[Scraped caption text data]
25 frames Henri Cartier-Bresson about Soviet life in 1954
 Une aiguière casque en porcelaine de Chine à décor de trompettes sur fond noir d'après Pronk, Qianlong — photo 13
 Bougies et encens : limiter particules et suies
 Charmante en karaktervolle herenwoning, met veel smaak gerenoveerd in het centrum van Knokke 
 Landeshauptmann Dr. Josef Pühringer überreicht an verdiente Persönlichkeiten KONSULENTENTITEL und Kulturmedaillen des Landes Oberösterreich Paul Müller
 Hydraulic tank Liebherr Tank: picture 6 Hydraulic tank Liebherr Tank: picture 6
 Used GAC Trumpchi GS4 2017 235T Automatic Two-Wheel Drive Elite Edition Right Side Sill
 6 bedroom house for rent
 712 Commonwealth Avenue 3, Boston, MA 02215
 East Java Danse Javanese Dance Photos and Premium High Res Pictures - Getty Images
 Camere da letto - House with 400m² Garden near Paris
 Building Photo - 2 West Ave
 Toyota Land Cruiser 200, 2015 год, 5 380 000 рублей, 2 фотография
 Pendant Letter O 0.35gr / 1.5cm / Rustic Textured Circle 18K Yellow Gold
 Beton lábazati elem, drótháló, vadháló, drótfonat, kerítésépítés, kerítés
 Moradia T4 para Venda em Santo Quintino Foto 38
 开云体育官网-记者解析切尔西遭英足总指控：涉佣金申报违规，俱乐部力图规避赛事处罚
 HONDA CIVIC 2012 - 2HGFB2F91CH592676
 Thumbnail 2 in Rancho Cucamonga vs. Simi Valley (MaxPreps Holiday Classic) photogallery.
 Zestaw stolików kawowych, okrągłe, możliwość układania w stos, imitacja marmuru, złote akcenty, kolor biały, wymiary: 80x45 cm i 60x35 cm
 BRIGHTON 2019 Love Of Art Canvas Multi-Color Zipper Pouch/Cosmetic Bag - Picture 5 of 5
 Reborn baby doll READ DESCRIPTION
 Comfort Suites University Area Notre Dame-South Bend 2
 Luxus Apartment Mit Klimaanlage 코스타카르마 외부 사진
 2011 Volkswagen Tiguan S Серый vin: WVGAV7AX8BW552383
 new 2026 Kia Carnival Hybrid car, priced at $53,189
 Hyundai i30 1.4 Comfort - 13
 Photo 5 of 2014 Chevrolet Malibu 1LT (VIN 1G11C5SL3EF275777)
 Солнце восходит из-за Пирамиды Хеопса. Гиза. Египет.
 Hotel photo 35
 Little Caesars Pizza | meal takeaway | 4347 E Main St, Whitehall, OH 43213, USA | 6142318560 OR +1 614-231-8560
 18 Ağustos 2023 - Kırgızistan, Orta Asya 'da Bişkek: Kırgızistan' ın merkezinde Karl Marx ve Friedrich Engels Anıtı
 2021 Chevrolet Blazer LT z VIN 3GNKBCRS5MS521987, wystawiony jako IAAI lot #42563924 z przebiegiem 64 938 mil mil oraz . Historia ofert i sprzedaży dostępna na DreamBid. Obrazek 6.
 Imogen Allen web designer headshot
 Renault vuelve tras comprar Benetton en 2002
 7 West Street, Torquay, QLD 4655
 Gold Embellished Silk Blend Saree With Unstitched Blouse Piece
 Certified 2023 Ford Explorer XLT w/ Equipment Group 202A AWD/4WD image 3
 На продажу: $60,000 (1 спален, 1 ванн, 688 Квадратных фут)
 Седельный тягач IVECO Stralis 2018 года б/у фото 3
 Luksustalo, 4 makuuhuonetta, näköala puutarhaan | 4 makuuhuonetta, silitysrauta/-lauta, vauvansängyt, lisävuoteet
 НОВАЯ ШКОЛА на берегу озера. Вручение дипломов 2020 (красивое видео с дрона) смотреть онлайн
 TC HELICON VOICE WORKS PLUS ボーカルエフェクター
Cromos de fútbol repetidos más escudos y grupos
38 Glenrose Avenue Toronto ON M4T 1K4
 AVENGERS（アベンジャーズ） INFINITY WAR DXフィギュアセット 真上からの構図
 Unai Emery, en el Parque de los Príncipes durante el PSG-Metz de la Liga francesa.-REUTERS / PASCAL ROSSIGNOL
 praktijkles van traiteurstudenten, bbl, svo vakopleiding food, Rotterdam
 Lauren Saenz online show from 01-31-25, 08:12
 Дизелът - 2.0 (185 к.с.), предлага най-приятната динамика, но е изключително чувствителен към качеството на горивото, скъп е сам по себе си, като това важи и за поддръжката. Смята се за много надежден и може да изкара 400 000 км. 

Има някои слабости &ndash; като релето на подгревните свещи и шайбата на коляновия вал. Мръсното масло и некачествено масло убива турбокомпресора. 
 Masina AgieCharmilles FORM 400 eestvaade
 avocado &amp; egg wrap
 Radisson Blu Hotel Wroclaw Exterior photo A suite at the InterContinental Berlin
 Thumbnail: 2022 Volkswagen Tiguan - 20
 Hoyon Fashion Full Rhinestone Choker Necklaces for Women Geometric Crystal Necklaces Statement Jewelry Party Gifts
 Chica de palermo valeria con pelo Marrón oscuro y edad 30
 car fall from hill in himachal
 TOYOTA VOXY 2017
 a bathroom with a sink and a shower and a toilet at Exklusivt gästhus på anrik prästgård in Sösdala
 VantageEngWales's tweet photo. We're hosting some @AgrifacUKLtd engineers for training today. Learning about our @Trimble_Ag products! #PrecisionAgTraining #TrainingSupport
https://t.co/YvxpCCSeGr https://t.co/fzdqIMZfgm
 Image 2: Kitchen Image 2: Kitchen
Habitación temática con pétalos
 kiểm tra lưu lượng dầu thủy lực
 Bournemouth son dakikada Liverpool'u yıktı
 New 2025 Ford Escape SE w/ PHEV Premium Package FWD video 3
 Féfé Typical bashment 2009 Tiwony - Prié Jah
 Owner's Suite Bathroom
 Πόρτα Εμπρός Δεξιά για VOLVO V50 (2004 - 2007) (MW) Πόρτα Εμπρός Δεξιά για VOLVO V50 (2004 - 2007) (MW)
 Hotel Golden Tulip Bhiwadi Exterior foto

» **What the exercise asks**
Every record listed above should be reproduced exactly.

» **Answer to the exercise**
25 frames Henri Cartier-Bresson about Soviet life in 1954
 Une aiguière casque en porcelaine de Chine à décor de trompettes sur fond noir d'après Pronk, Qianlong — photo 13
 Bougies et encens : limiter particules et suies
 Charmante en karaktervolle herenwoning, met veel smaak gerenoveerd in het centrum van Knokke 
 Landeshauptmann Dr. Josef Pühringer überreicht an verdiente Persönlichkeiten KONSULENTENTITEL und Kulturmedaillen des Landes Oberösterreich Paul Müller
 Hydraulic tank Liebherr Tank: picture 6 Hydraulic tank Liebherr Tank: picture 6
 Used GAC Trumpchi GS4 2017 235T Automatic Two-Wheel Drive Elite Edition Right Side Sill
 6 bedroom house for rent
 712 Commonwealth Avenue 3, Boston, MA 02215
 East Java Danse Javanese Dance Photos and Premium High Res Pictures - Getty Images
 Camere da letto - House with 400m² Garden near Paris
 Building Photo - 2 West Ave
 Toyota Land Cruiser 200, 2015 год, 5 380 000 рублей, 2 фотография
 Pendant Letter O 0.35gr / 1.5cm / Rustic Textured Circle 18K Yellow Gold
 Beton lábazati elem, drótháló, vadháló, drótfonat, kerítésépítés, kerítés
 Moradia T4 para Venda em Santo Quintino Foto 38
 开云体育官网-记者解析切尔西遭英足总指控：涉佣金申报违规，俱乐部力图规避赛事处罚
 HONDA CIVIC 2012 - 2HGFB2F91CH592676
 Thumbnail 2 in Rancho Cucamonga vs. Simi Valley (MaxPreps Holiday Classic) photogallery.
 Zestaw stolików kawowych, okrągłe, możliwość układania w stos, imitacja marmuru, złote akcenty, kolor biały, wymiary: 80x45 cm i 60x35 cm
 BRIGHTON 2019 Love Of Art Canvas Multi-Color Zipper Pouch/Cosmetic Bag - Picture 5 of 5
 Reborn baby doll READ DESCRIPTION
 Comfort Suites University Area Notre Dame-South Bend 2
 Luxus Apartment Mit Klimaanlage 코스타카르마 외부 사진
 2011 Volkswagen Tiguan S Серый vin: WVGAV7AX8BW552383
 new 2026 Kia Carnival Hybrid car, priced at $53,189
 Hyundai i30 1.4 Comfort - 13
 Photo 5 of 2014 Chevrolet Malibu 1LT (VIN 1G11C5SL3EF275777)
 Солнце восходит из-за Пирамиды Хеопса. Гиза. Египет.
 Hotel photo 35
 Little Caesars Pizza | meal takeaway | 4347 E Main St, Whitehall, OH 43213, USA | 6142318560 OR +1 614-231-8560
 18 Ağustos 2023 - Kırgızistan, Orta Asya 'da Bişkek: Kırgızistan' ın merkezinde Karl Marx ve Friedrich Engels Anıtı
 2021 Chevrolet Blazer LT z VIN 3GNKBCRS5MS521987, wystawiony jako IAAI lot #42563924 z przebiegiem 64 938 mil mil oraz . Historia ofert i sprzedaży dostępna na DreamBid. Obrazek 6.
 Imogen Allen web designer headshot
 Renault vuelve tras comprar Benetton en 2002
 7 West Street, Torquay, QLD 4655
 Gold Embellished Silk Blend Saree With Unstitched Blouse Piece
 Certified 2023 Ford Explorer XLT w/ Equipment Group 202A AWD/4WD image 3
 На продажу: $60,000 (1 спален, 1 ванн, 688 Квадратных фут)
 Седельный тягач IVECO Stralis 2018 года б/у фото 3
 Luksustalo, 4 makuuhuonetta, näköala puutarhaan | 4 makuuhuonetta, silitysrauta/-lauta, vauvansängyt, lisävuoteet
 НОВАЯ ШКОЛА на берегу озера. Вручение дипломов 2020 (красивое видео с дрона) смотреть онлайн
 TC HELICON VOICE WORKS PLUS ボーカルエフェクター
Cromos de fútbol repetidos más escudos y grupos
38 Glenrose Avenue Toronto ON M4T 1K4
 AVENGERS（アベンジャーズ） INFINITY WAR DXフィギュアセット 真上からの構図
 Unai Emery, en el Parque de los Príncipes durante el PSG-Metz de la Liga francesa.-REUTERS / PASCAL ROSSIGNOL
 praktijkles van traiteurstudenten, bbl, svo vakopleiding food, Rotterdam
 Lauren Saenz online show from 01-31-25, 08:12
 Дизелът - 2.0 (185 к.с.), предлага най-приятната динамика, но е изключително чувствителен към качеството на горивото, скъп е сам по себе си, като това важи и за поддръжката. Смята се за много надежден и може да изкара 400 000 км. 

Има някои слабости &ndash; като релето на подгревните свещи и шайбата на коляновия вал. Мръсното масло и некачествено масло убива турбокомпресора. 
 Masina AgieCharmilles FORM 400 eestvaade
 avocado &amp; egg wrap
 Radisson Blu Hotel Wroclaw Exterior photo A suite at the InterContinental Berlin
 Thumbnail: 2022 Volkswagen Tiguan - 20
 Hoyon Fashion Full Rhinestone Choker Necklaces for Women Geometric Crystal Necklaces Statement Jewelry Party Gifts
 Chica de palermo valeria con pelo Marrón oscuro y edad 30
 car fall from hill in himachal
 TOYOTA VOXY 2017
 a bathroom with a sink and a shower and a toilet at Exklusivt gästhus på anrik prästgård in Sösdala
 VantageEngWales's tweet photo. We're hosting some @AgrifacUKLtd engineers for training today. Learning about our @Trimble_Ag products! #PrecisionAgTraining #TrainingSupport
https://t.co/YvxpCCSeGr https://t.co/fzdqIMZfgm
 Image 2: Kitchen Image 2: Kitchen
Habitación temática con pétalos
 kiểm tra lưu lượng dầu thủy lực
 Bournemouth son dakikada Liverpool'u yıktı
 New 2025 Ford Escape SE w/ PHEV Premium Package FWD video 3
 Féfé Typical bashment 2009 Tiwony - Prié Jah
 Owner's Suite Bathroom
 Πόρτα Εμπρός Δεξιά για VOLVO V50 (2004 - 2007) (MW) Πόρτα Εμπρός Δεξιά για VOLVO V50 (2004 - 2007) (MW)
 Hotel Golden Tulip Bhiwadi Exterior foto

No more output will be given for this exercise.